(Crawled caption data)

-*-

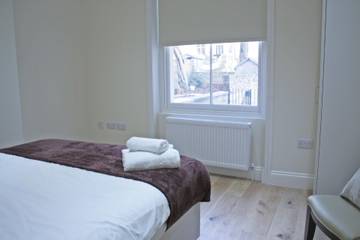 Holiday Letting for 2 People in Kensington And Chelsea, London, Photo 4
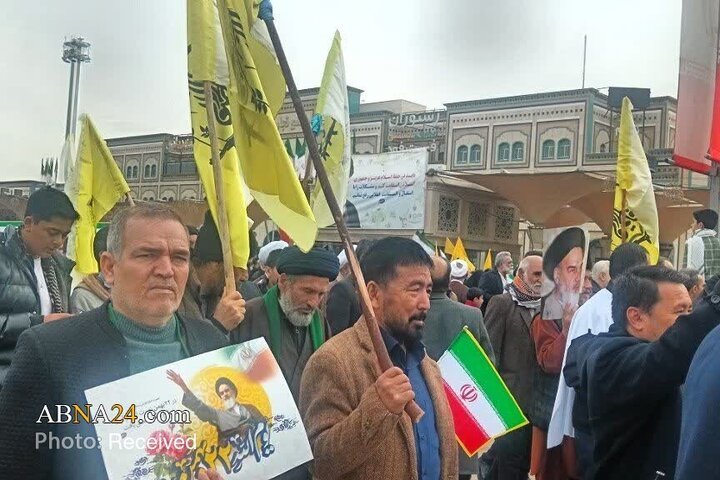 Informe fotográfico | Participación entusiasta de los migrantes afganos en el 47.º aniversario de la Revolución Islámica de Irán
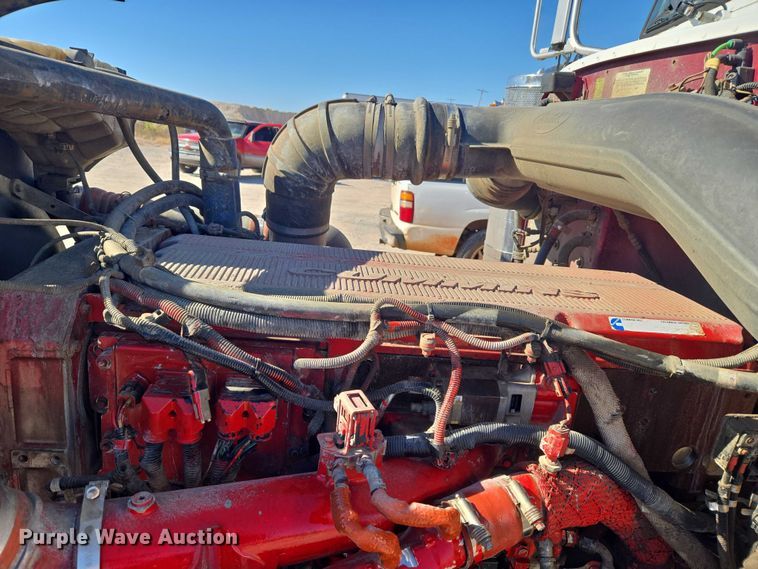 image for item ET5251 2008 Peterbilt 388 semi truck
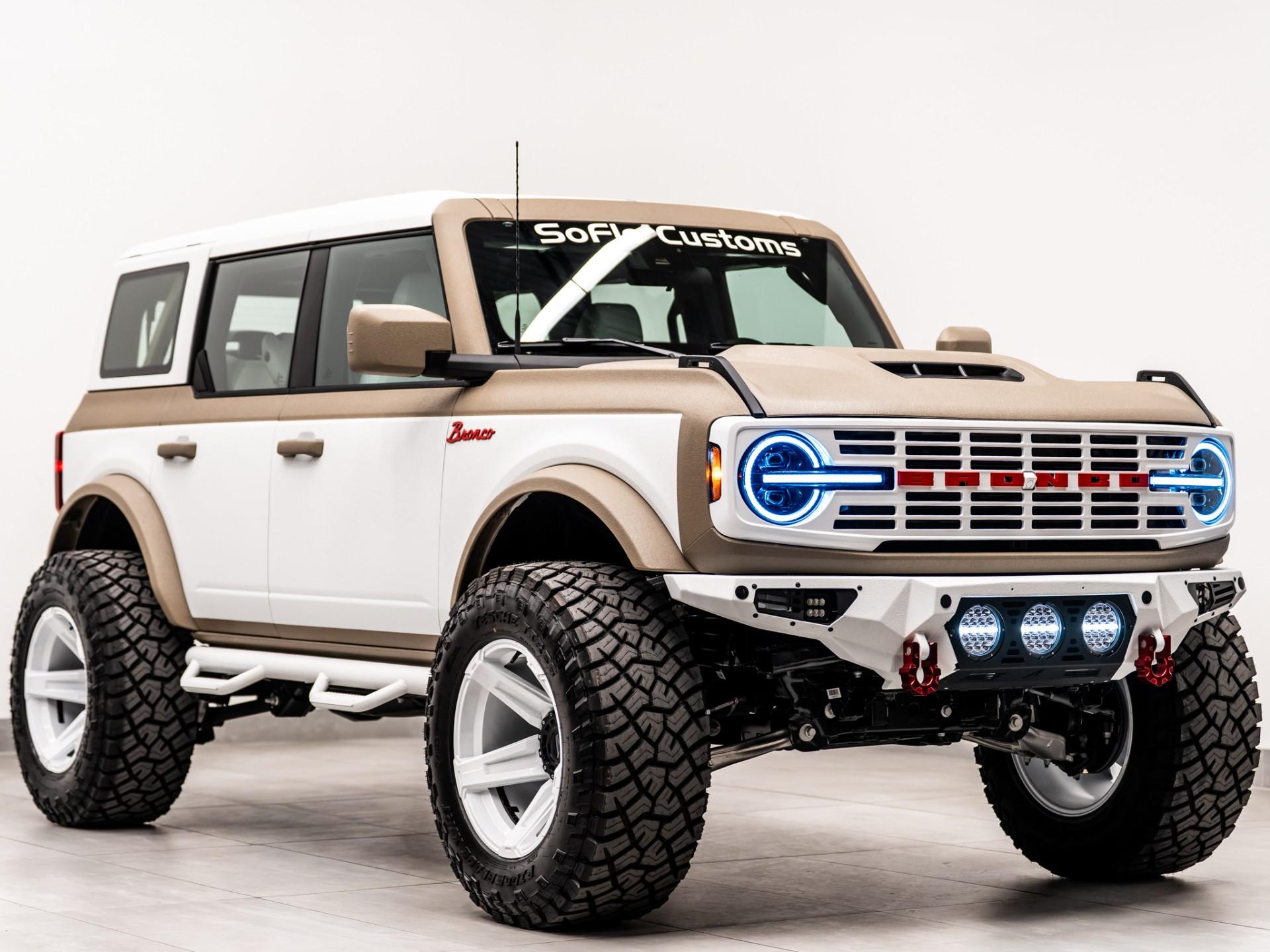 2026 FORD BRONCO 4X4 in Tan, photo 6 of 54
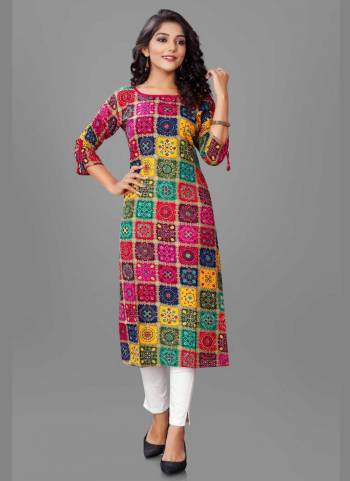 Grab These Beautiful Looking Readymade Kurti.These Kurti is Fabricated On Rayon.Its Beautified With Designer Printed.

-*-

Directions for this task
Nothing but the lines from the one that contains "2026 FORD BRONCO 4X4 in Tan, photo 6 of 54" through the last line of the records belongs in the answer, reproduced exactly, with no pictures.

Exercise response
 2026 FORD BRONCO 4X4 in Tan, photo 6 of 54
 Grab These Beautiful Looking Readymade Kurti.These Kurti is Fabricated On Rayon.Its Beautified With Designer Printed.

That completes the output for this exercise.